Study Notes: Digesting DNA with Restriction Enzymes and Gel Electrophoresis

  • Purpose: Students learn about restriction enzymes, DNA mapping, and gel-based analysis.

  • Restriction Enzymes: Also called restriction endonucleases, they cleave double-stranded DNA at specific recognition sequences (palindromes) like EcoRI (5GAATTC35'-GAATTC-3'). They can produce sticky ends (overhangs) or blunt ends. Their native role is to digest foreign DNA; in labs, they are used for DNA mapping and cloning.

  • Restriction Mapping: Involves digesting DNA with one or more enzymes (e.g., EcoRI, PstI, or both) and analyzing fragment patterns on agarose gels to locate restriction sites and create a map.

  • DNA Sequencing (Sanger Method): Determines nucleotide order by in vitro DNA synthesis using dideoxynucleotides (ddNTPs), which terminate synthesis at specific bases. Fragments are separated by size (gel/capillary electrophoresis) and detected (often using fluorescent dyes) to read the DNA sequence.

  • DNA Electrophoresis: Separates DNA fragments by size. Agarose gel acts as a sieve, allowing smaller fragments to migrate faster. DNA, being negatively charged, moves toward the anode (positive electrode). Loading buffer (with glycerol for density and tracking dyes like Orange G or Bromophenol blue) is used for visualizing sample progress. DNA bands are visualized post-run with stains (e.g., methylene blue).

  • Standard Curve and Fragment Sizing: A standard DNA ladder (fragments of known sizes) is run on the gel. By plotting the ladder's fragment sizes (logarithmic scale) against their migration distances, a standard curve is generated to estimate the sizes of unknown DNA fragments.

  • Plasmid Restriction Map Construction: Uses fragment sizes from single and double digests to draw a circular map showing the relative positions of restriction enzyme cut sites.
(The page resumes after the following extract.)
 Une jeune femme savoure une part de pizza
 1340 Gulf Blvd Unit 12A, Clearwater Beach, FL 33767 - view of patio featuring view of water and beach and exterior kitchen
  • Real-World Applications: Includes DNA fingerprinting and identification using Restriction Fragment Length Polymorphisms (RFLPs) in forensics and paternity testing.

  • Key Takeaways: Understand restriction enzyme function (sticky vs. blunt ends), how to map DNA using multiple digests, Sanger sequencing principles (ddNTPs), gel electrophoresis (purpose, agarose, pore size, loading dyes, reading gels), standard curve generation for sizing, and the ethical, legal, and social implications (ELSI) of DNA testing.